Nessuna possibilità che la nuova Tunisia democratica sorta dopo la cacciata del tiranno Ben Ali possa "mai e poi mai" dare il suo 'riconoscimento' al regime ebraico di occupazione della Palestina; zero speranze, poi, che la sua architettura costituzionale (attualmente centro degli sforzi dell'Assemblea eletta il 23 ottobre scorso) possa in qualche modo essere 'laica' o 'laicista' o comunque escludere dal proprio corpus di riferimenti i dettami e le raccomandazioni della fede musulmana, cuore della storia del paese da oltre dodici secoli.
Sono nette e non lasciano adito a equivoci o fraintendimenti le parole di Rachid Ghannouchi, fondatore e leader storico del Partito del Rinascimento Musulmano (Ennahda), uscito trionfatore dalle urne autunnali con la palma di forza politica di maggioranza relativa ai microfoni dell'emittente all-news in Inglese di Teheran, PressTV.

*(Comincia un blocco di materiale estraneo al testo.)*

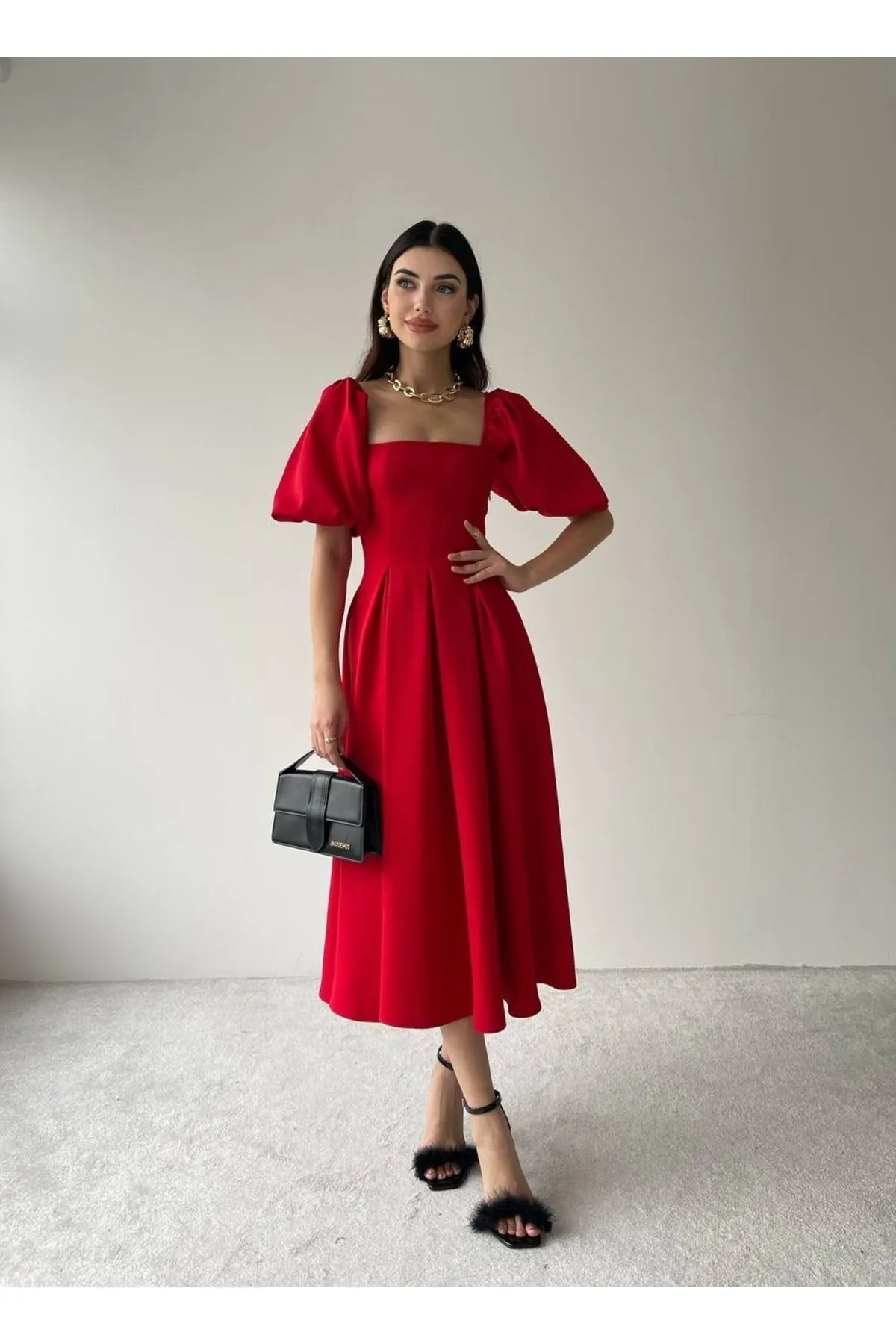 SONREİR  Kurzes, plissiertes langes Kleid mit Ballonärmeln und quadratischem Ausschnitt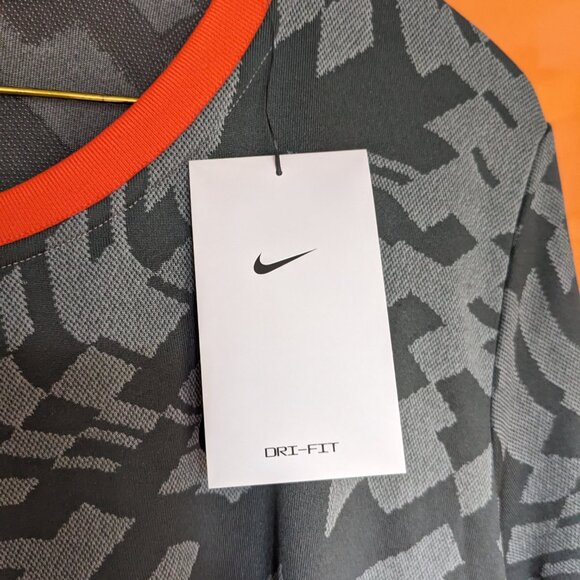 NIKE dry fit work out runners t-shirt - Picture 4 of 4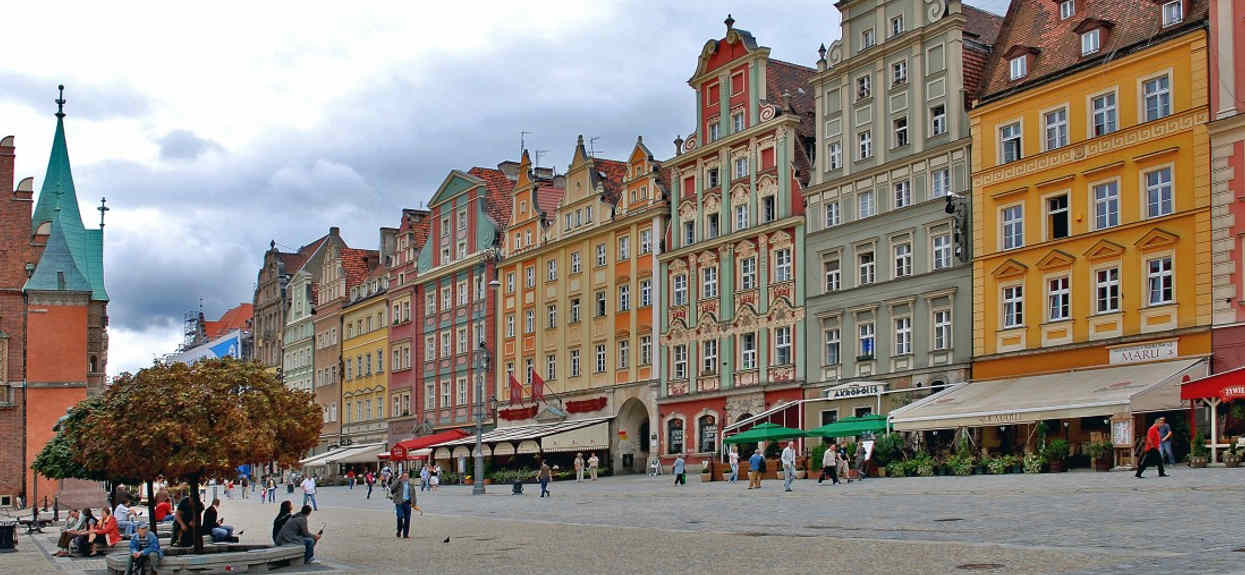 Czy z waszych obserwacji Polacy zachowują 2-metrowy dystans w przestrzeni publicznej?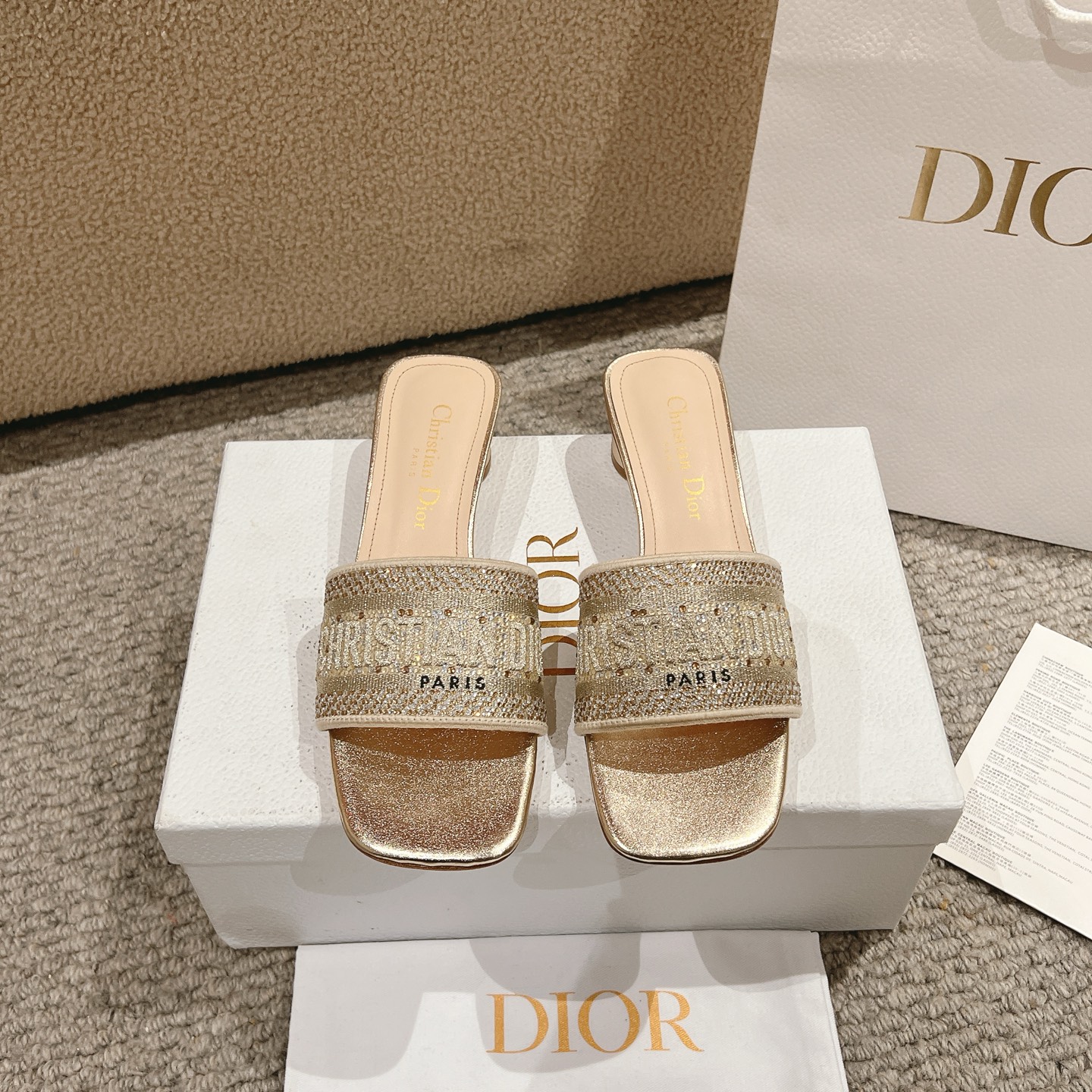 NO:253221,Purchase level!  The classic Dway slippers are a classic item. They are carefully crafted from elegant classic cotton fabrics, embroidered with metallic luster threads, and are embroidered with silver tones. The upper is embroidered with Christian Dior Paris logo, which is eye-catching and versatile. It can be matched with various outfits to create a delicate look. Outsole Italian A-grade leather outsole Heel height 3.5cm Size 34-43 (34, 40, 41, 42, 43 custom-made, non-return and exchange), slippers, dior, slippers, Leather soles19860909代购级别！ 经典的 Dway 拖鞋是一款经典单品.采用优雅的经典色棉质面料精心制作,饰以金属光泽线刺绣,点缀以银色调仿水晶.鞋面饰以Christian Dior Paris标志刺绣,醒目百搭.可与各式装扮搭配,打造精致的造型. 大底意大利A级真皮大底 跟高3.5cm 码数34-43（34,40,41,42,43定制不退换）,拖鞋,dior,slippers,Leather soles,Women's Shoes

Sempre per sgombrare il campo da malintesi Ghannouchi ha chiarito che tali posizioni non sono sue opinioni personali ma punti-cardine del programma dell'Ennahda e che verranno puntualmente implementati grazie all'enorme fiducia tributata a questa forza politica dall'opinione pubblica tunisina, che le condivide e le vuole vedere in atto.